## [EXTRACTED DATA]
▬▬▬

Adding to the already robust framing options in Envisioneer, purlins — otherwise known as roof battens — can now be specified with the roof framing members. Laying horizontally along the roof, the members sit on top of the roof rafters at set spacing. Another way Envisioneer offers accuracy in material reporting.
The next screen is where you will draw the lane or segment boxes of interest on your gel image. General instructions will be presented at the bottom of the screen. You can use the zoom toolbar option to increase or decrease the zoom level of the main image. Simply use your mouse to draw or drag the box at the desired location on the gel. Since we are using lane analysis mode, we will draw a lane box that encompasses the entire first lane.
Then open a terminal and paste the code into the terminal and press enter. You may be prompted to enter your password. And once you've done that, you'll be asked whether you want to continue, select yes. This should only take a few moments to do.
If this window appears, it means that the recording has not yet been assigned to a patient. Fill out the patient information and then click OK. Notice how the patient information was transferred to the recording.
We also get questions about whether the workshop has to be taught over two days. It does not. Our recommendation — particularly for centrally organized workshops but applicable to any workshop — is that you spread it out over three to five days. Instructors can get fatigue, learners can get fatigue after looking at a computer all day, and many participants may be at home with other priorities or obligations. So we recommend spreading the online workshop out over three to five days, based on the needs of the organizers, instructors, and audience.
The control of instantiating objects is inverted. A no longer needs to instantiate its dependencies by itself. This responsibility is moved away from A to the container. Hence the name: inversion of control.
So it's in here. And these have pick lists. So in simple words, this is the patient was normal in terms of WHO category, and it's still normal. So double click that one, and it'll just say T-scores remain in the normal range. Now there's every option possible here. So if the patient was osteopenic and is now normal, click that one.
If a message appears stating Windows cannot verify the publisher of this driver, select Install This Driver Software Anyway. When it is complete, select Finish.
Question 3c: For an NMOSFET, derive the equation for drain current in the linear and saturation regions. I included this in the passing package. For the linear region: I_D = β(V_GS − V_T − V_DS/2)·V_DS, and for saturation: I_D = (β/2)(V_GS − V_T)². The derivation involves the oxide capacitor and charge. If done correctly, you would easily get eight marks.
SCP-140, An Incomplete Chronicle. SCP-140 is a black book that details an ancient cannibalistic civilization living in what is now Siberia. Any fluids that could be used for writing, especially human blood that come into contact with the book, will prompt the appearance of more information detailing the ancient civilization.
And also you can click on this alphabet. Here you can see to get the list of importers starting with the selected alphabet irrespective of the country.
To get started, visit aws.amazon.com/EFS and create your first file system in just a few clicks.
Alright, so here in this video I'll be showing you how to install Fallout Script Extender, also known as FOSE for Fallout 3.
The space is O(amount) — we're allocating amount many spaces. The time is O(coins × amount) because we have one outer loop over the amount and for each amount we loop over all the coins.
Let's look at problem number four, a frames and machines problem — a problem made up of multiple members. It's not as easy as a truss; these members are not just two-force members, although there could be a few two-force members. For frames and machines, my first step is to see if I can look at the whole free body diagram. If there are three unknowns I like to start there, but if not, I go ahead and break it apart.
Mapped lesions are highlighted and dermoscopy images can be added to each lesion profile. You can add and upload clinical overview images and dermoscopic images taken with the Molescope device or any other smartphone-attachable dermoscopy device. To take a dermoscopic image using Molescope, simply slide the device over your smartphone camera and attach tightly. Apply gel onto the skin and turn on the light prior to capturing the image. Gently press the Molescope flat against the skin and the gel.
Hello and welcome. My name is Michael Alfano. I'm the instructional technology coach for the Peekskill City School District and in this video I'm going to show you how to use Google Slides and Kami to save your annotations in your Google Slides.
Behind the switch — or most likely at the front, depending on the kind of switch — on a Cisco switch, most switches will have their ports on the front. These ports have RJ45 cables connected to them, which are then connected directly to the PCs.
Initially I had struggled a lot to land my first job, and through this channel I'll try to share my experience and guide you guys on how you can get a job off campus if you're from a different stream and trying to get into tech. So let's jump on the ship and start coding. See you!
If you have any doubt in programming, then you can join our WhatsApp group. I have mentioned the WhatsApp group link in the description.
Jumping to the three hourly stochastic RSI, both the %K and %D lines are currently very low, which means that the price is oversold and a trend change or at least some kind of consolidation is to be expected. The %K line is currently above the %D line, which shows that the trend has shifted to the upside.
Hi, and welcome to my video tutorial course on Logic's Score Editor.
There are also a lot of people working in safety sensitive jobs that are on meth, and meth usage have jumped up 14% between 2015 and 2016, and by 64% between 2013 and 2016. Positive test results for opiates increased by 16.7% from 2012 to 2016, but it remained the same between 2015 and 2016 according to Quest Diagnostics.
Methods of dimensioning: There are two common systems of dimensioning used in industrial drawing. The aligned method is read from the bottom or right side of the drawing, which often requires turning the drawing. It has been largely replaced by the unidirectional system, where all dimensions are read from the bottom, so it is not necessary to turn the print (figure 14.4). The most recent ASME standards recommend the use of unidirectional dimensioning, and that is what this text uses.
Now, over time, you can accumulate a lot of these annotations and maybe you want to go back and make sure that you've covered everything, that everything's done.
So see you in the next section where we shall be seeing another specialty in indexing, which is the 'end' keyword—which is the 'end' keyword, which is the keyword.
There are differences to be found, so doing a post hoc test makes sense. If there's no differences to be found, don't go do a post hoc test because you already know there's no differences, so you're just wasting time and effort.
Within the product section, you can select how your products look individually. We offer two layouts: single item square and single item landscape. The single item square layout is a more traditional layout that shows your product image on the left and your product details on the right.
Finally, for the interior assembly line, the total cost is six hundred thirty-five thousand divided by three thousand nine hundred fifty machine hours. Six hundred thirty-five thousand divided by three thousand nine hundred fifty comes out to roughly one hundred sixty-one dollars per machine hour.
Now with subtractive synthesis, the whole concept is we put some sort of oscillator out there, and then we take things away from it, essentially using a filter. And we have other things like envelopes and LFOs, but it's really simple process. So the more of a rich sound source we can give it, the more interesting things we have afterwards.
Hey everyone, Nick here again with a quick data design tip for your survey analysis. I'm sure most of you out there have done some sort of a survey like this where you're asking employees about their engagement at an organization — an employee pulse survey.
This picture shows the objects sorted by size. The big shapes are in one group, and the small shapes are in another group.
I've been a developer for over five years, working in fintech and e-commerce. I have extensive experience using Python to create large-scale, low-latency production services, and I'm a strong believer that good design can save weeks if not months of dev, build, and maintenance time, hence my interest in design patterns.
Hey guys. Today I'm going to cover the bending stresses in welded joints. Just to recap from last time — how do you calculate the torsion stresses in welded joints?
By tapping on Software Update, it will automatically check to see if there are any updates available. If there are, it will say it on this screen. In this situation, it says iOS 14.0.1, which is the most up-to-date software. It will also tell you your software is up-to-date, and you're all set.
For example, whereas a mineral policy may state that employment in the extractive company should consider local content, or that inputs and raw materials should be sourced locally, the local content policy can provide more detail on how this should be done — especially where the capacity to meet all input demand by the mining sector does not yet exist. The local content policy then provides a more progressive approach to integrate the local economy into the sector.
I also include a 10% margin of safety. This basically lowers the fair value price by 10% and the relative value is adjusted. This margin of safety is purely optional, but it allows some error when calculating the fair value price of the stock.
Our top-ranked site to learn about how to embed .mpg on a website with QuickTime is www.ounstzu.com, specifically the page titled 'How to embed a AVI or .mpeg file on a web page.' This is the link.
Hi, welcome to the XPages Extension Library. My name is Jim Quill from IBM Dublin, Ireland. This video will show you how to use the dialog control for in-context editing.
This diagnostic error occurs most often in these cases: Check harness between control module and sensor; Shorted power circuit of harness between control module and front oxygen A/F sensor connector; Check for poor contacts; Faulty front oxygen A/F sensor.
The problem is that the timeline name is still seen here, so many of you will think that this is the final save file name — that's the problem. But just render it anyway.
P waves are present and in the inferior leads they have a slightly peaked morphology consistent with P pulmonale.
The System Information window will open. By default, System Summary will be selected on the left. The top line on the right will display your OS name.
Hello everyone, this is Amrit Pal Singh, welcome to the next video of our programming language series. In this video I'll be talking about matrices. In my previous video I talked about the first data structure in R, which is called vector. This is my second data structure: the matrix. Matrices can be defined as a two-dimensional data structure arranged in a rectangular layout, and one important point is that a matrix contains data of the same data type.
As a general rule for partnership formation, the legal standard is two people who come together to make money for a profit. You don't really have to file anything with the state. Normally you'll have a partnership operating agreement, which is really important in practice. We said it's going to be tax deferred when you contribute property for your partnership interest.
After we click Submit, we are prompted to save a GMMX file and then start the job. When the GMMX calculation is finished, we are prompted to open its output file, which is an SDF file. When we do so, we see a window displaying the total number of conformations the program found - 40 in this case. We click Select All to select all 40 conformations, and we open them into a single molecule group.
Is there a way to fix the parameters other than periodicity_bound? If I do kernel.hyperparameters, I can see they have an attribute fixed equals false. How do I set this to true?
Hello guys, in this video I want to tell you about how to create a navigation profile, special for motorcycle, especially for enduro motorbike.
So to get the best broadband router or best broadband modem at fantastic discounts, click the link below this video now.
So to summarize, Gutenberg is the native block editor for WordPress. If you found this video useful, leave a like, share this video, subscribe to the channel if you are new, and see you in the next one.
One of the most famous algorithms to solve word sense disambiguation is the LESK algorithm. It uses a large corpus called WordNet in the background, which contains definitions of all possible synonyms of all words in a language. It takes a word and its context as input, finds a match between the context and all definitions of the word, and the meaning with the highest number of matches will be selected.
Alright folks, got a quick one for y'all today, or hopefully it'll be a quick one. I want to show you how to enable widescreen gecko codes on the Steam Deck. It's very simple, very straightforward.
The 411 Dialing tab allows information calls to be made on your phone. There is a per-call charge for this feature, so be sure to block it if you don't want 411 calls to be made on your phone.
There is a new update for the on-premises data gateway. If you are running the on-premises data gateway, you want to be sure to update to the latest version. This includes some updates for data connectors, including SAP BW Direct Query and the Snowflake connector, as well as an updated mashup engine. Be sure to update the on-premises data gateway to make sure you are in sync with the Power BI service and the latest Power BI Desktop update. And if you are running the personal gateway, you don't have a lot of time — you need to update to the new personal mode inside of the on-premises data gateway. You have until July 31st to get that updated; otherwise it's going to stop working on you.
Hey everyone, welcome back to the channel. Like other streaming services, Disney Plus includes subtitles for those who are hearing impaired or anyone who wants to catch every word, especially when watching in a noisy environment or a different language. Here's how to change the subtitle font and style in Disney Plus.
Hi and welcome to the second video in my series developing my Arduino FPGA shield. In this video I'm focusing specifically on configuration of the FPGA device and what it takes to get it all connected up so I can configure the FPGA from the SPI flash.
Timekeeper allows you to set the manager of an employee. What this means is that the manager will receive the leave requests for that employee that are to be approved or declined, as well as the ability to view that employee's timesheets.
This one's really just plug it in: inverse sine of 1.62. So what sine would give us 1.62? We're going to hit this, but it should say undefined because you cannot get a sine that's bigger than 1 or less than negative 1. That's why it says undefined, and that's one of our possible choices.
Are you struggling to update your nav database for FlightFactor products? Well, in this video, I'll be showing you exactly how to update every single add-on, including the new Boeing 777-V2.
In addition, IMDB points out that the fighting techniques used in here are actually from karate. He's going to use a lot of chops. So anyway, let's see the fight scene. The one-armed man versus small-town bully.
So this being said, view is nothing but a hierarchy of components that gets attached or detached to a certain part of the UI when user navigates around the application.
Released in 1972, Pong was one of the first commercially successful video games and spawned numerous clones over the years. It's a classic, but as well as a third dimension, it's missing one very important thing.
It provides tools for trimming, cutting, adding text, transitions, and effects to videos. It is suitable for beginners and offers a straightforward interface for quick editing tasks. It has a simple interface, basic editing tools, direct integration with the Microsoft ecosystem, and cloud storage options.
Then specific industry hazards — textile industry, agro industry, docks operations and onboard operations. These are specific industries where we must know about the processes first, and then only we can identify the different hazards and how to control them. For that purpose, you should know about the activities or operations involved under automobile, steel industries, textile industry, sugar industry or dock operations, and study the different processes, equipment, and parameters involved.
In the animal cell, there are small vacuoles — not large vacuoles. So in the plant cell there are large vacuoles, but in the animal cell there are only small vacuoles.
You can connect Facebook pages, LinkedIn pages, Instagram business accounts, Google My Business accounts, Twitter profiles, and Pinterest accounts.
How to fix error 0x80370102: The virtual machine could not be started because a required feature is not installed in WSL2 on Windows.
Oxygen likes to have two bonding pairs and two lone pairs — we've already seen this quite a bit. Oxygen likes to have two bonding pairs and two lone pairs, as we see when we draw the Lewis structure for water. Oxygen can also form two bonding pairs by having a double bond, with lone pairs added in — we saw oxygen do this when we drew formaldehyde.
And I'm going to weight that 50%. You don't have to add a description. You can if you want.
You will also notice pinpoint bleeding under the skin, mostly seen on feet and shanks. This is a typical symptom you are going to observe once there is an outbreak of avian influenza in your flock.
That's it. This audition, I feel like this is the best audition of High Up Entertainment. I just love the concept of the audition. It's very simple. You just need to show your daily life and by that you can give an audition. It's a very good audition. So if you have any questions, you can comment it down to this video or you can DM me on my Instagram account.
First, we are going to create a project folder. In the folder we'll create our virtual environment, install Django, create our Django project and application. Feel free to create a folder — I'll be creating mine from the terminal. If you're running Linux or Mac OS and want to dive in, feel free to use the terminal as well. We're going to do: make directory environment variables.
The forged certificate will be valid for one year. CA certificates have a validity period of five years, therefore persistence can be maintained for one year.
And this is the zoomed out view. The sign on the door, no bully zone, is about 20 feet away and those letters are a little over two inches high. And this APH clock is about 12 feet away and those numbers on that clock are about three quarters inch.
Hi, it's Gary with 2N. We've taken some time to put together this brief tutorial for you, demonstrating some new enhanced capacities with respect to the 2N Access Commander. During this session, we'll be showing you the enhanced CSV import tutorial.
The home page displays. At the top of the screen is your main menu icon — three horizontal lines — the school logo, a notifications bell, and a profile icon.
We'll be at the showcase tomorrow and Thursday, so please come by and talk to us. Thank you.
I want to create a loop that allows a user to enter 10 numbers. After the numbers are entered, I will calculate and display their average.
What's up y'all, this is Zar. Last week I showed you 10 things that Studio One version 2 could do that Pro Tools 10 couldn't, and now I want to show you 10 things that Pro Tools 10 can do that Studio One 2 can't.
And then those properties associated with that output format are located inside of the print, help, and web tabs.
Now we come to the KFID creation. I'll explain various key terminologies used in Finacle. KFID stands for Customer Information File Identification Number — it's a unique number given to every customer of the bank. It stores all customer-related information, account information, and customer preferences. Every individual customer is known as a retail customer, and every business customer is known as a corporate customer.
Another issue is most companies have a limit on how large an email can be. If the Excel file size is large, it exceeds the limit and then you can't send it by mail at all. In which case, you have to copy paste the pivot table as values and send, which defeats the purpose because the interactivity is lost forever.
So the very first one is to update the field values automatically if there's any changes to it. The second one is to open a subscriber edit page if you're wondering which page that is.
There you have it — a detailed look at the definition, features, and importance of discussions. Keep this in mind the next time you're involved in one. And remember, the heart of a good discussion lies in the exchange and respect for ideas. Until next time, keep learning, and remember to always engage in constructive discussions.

▬▬▬

## [ABOUT THIS EXERCISE]
Every line of the listing that includes the word "section" belongs in the answer.

## [SOLUTION TO THE PROBLEM]
So see you in the next section where we shall be seeing another specialty in indexing, which is the 'end' keyword—which is the 'end' keyword, which is the keyword.
Within the product section, you can select how your products look individually. We offer two layouts: single item square and single item landscape. The single item square layout is a more traditional layout that shows your product image on the left and your product details on the right.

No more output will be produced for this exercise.